O psiquiatra alertou ainda para a necessidade da indisciplina ser olhada como uma forma de violência que impede a escola de cumprir o seu papel, pouco depois de, na sessão de abertura da conferência, a ministra da Educação, Maria de Lurdes Rodrigues, ter dito que é importante estabelecer uma diferença entre violência e indisciplina escolar, salientando que os fenómenos de violência estão circunscritos, enquanto os casos de indisciplina são mais generalizados. Maria de Lurdes Rodrigues revelou que "90% dos incidentes têm lugar em 5% das escolas", o que, segundo a ministra, mostra que o fenómeno é residual.

 

"Em locais marcados pela degradação, a escola é muitas vezes um local de paz, apesar de, às vezes, ser demasiado vulnerável", reconheceu.

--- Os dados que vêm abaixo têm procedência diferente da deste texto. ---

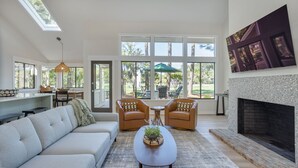 A spacious living room with a sofa, two armchairs, a coffee table with plants, a fireplace, and large windows offering a view of the outdoors.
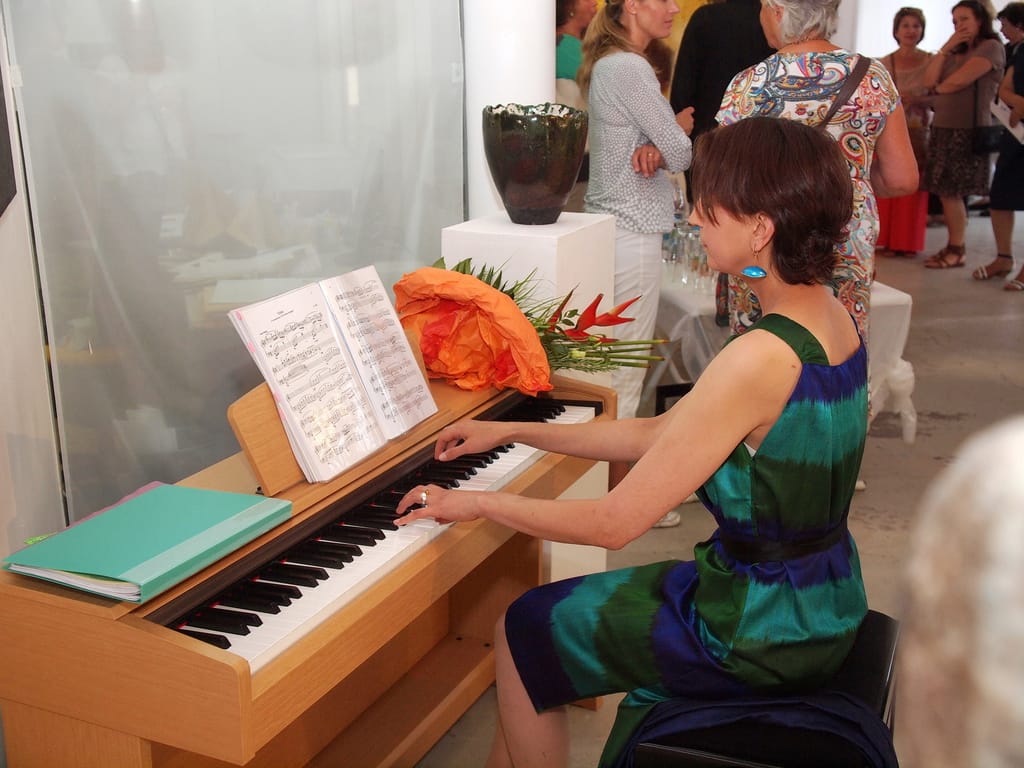 A pianist in a green and blue dress plays a wooden piano; sheet music stands on the rest with an orange bouquet beside it, and guests talk in the background
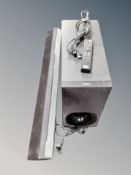 A Sony subwoofer with sound bar and remote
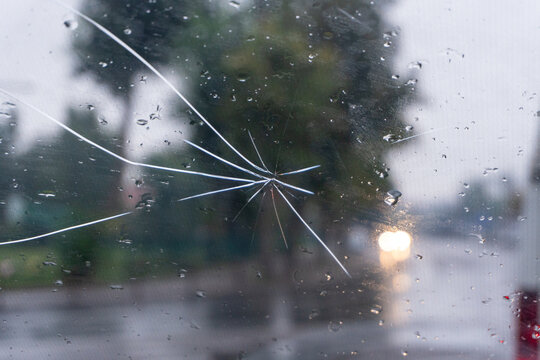 Cracked windshield with raindrops visible on a rainy day in a city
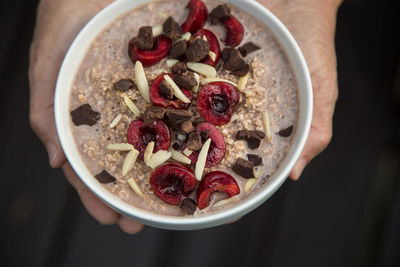 Cropped hands of woman holding fresh breakfast bowl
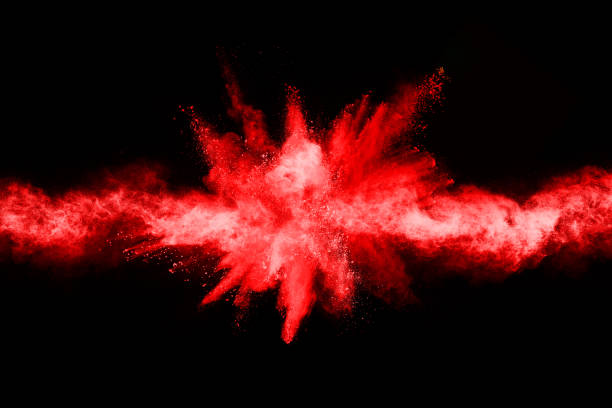 istock abstract red powder explosion on black background.abstract red powder splatted on black background. Freeze motion of red powder exploding. 1093320156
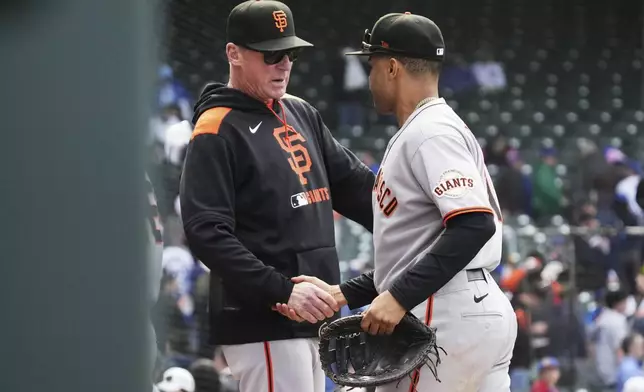 San Francisco Giants manager Bob Melvin, left, celebrates with first baseman LaMonte Wade Jr. after the Giants defeated the Chicago Cubs in a baseball game in Chicago, Wednesday, May 7, 2025. (AP Photo/Nam Y. Huh)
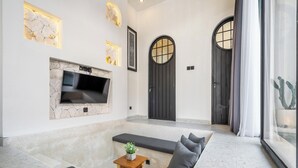 A modern living room with a stone fireplace, a flat-screen TV, a sofa, and a small table with a plant. - Casa Santisya 4 (Munggu)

Para as escolas mais sensíveis, a ministra lembrou que existe um programa de discriminação positiva. "Actualmente 30 escolas - 20 em Lisboa e 16 no Porto - são alvo de medidas especiais através dos Territórios Educativos de Intervenção prioritária", referiu, não afastando a possibilidade de o programa ser alargado a outros estabelecimentos.

 

Diminuição no último ano

 

A ministra garantiu ainda que já houve uma melhoria dos resultados e uma diminuição do número de ocorrências. Uma visão que é partilhada pelo procurador-geral da República, que nos últimos meses se mostrou várias vezes preocupado com a violência nas escolas. "Se me perguntar se a situação é melhor hoje do que há um ano, eu digo que é melhor."

 

Pinto Monteiro considerou que não há uma violência generalizada nas escolas portuguesas, mas que é preciso combater o problema desde o início. Por isso, insistiu que as pessoas participem as situações de violência. "Porque o que não podemos fazer é esconder, fingir que não existe". Segundo o PGR, o seu apelo teve efeito: houve um grande aumento de queixas e a Procuradoria recebe cartas de alunos, de pais e de professores - "a maior parte vêm assinadas" - o que mostra que as pessoas sentem que as queixas são valorizadas.

 

Também Pinto Monteiro reconhece que este é "um problema universal, para o qual não existem receitas mágicas". "Não pode é ser um cadáver escondido no armário", alerta.

 

A conferência, promovida pela Faculdade de Motricidade Humana e pelo Instituto de Apoio à Criança, reúne em Lisboa investigadores de 55 países. Até quarta-feira, os especialistas vão partilhar experiências e apresentar mais de duzentas comunicações sobre o tema "A Violência nas Escolas e políticas Públicas".